Nearly a fifth of Maui, the Hawaiian island where the fires have occurred, is in severe drought, according to the US Drought Monitor. The island has experienced other serious fires in recent years, with blazes in 2018 and 2021 razing hundreds of homes and causing the evacuation of thousands of residents and tourists.
Experts say that wildfires in Hawaii are now burning through four times the amount of area than in previous decades, in part due to the proliferation of more flammable non-native grasses but also rising global temperatures.
These are not just ordinary droughts. Maui is also being subjected to something called “flash droughts,” a phenomenon whose growth is widely seen as linked to climate change. From the Associated Press:
Flash droughts are so dry and hot that the air literally sucks moisture out of the ground and plants in a vicious cycle of hotter-and-drier that often leads to wildfires. And Hawaii’s situation is a textbook case, two scientists told The Associated Press.
As of May 23, none of Maui was unusually dry; by the following week it was more than half abnormally dry. By June 13 it was two-thirds either abnormally dry or in moderate drought. And this week about 83% of the island is either abnormally dry or in moderate or severe drought, according to the U.S. drought monitor.
Even the tools needed to fight the fires are being affected by the change in the environment. The New York Times reported on Sunday that, when the fire broke out, firefighters rushed to tap the area’s fire hydrants, only to find that the hydrants “sputtered and became largely useless.” Part of the reason for that? From the Times:
The water system in Lahaina relies on both surface water from a creek and groundwater pumped from wells. Persistent drought conditions combined with population growth have already led officials at the state and local level to explore ways to shore up water supplies, and they broke ground on a new well two months ago to increase capacity.
[…]
John Stufflebean, the county’s director of water supply, said backup generators allowed the system to maintain sufficient overall supply throughout the fire. But he said that as the fire began moving down the hillside, turning homes into rubble, many properties were damaged so badly that water was spewing out of their melting pipes, depressurizing the network that also supplies the hydrants.
To recap: an environment that had been turned by people from a lush wetland into a welcome home for fires; was being plagued by extreme droughts that are exacerbated by climate change; and whose main tool to fight the fire was being impacted by those droughts, has been engulfed by flame. And this is all before you get to the clearly extensive lapses in basic emergency response from state and local governments, and the failure to properly plan for such overwhelming fires.
What, precisely, is “natural” about any of this? Virtually every facet of this tragedy has some connection to human activity. Human beings systematically created the conditions for the fire to happen. Human beings systematically created the conditions for the fire to rage so indiscriminately. Human beings systematically took a beautiful, balanced ecosystem and tampered with it so destructively that it has now lost its mind.

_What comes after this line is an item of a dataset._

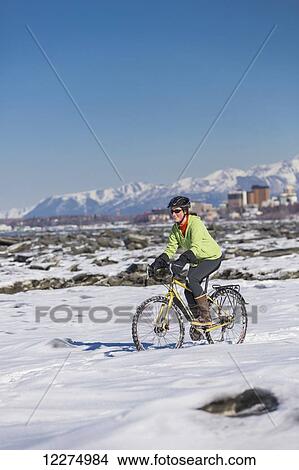 Picture - A young woman rides a studded tire bicycle next to the Tony Knowles Coastal Trail, Anchorage, Southcentral Alaska, USA.. Fotosearch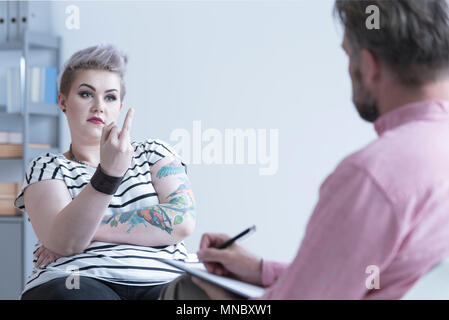 Rebellische Mädchen zeigt Mittelfinger zu Ihrem Therapeuten Stockfoto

To call this a “natural disaster” is to accept the obviously false notion that this is a situation somehow beyond our control—because what use is it to go up against nature itself? But we have predicated the entirety of human advancement on the notion that the environment all around us is subservient. We have taken a planet that developed over billions of years and irrevocably altered just about every part of it in a relative blink of a geological eye. We are living in the world that we made, and we are living with the consequences of our choices.
It is high time that we stop indulging in the fantasy that, when tragedies like the Maui fires break out, we are fighting an implacable, faceless, inexplicable enemy. These are no longer “natural disasters,” not really. The only natural disaster that we are really fighting anymore is ourselves.